• Given data:

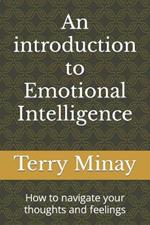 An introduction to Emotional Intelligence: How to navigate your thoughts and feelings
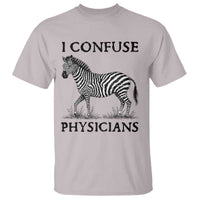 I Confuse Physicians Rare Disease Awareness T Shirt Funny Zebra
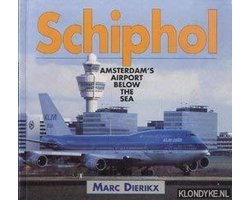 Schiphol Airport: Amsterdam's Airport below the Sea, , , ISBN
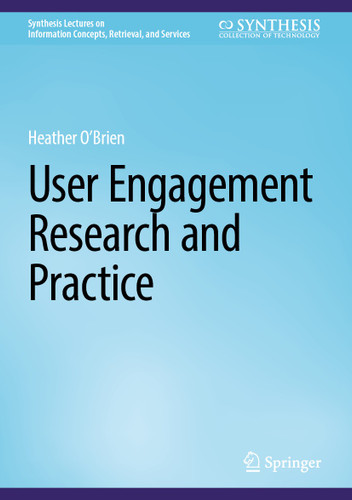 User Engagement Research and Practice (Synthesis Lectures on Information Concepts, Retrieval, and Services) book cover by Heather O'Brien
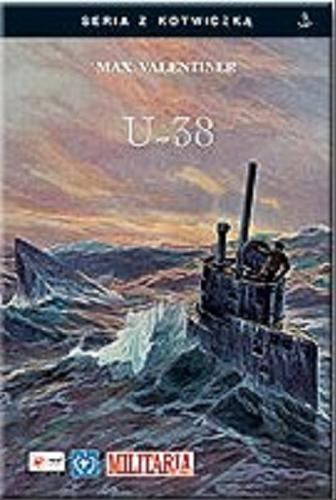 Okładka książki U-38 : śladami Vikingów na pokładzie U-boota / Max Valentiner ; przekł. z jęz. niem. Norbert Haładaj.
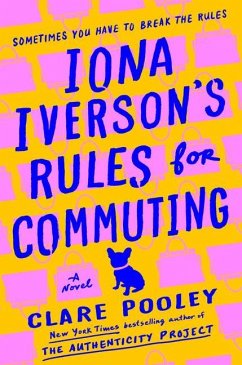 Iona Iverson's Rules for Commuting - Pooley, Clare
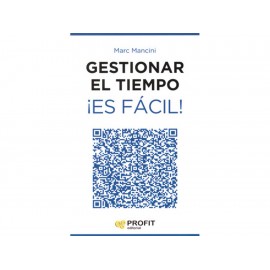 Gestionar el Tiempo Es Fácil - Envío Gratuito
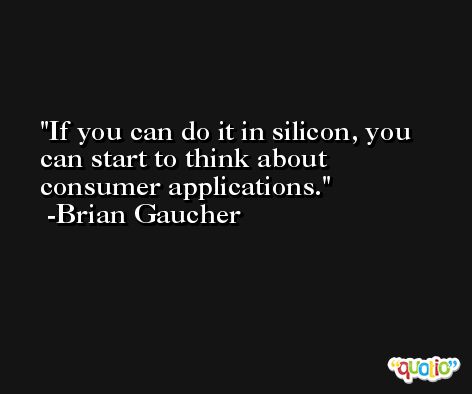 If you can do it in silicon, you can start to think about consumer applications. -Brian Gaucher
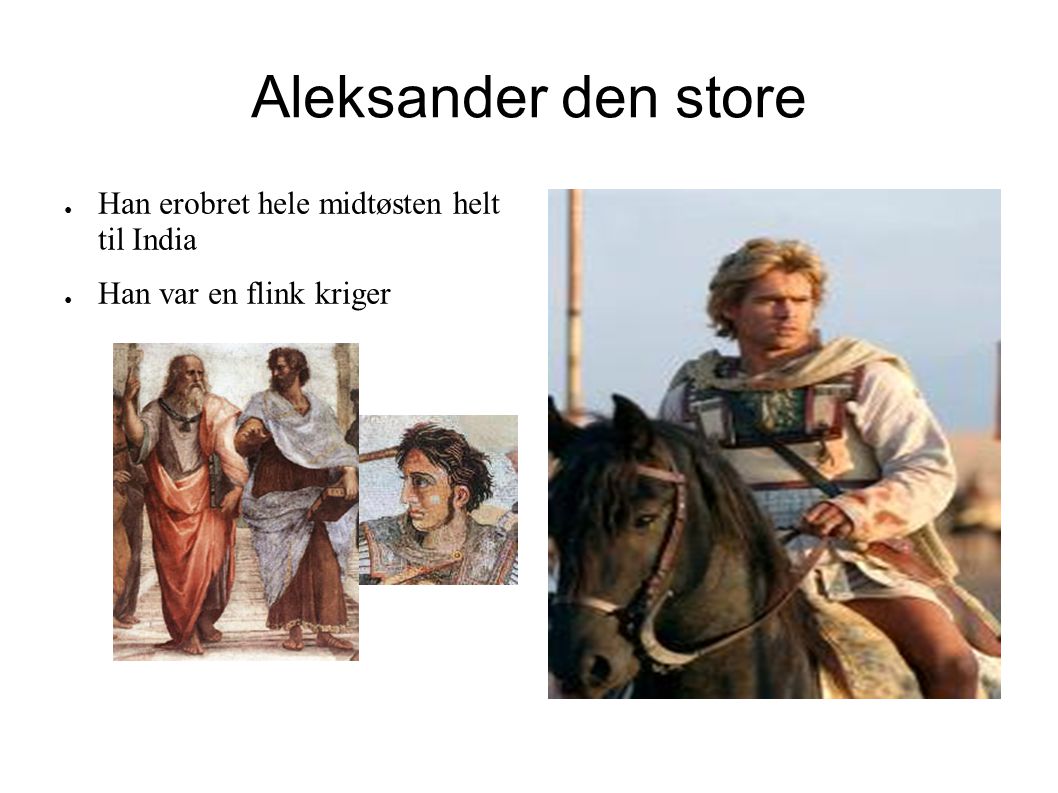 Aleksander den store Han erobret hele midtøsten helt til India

• Goal of the exercise:
Word for word, retype all of the data above, but include no pictures.

• Solution below:
 An introduction to Emotional Intelligence: How to navigate your thoughts and feelings
 I Confuse Physicians Rare Disease Awareness T Shirt Funny Zebra
 Schiphol Airport: Amsterdam's Airport below the Sea, , , ISBN
 User Engagement Research and Practice (Synthesis Lectures on Information Concepts, Retrieval, and Services) book cover by Heather O'Brien
 Okładka książki U-38 : śladami Vikingów na pokładzie U-boota / Max Valentiner ; przekł. z jęz. niem. Norbert Haładaj.
 Iona Iverson's Rules for Commuting - Pooley, Clare
 Gestionar el Tiempo Es Fácil - Envío Gratuito
 If you can do it in silicon, you can start to think about consumer applications. -Brian Gaucher
 Aleksander den store Han erobret hele midtøsten helt til India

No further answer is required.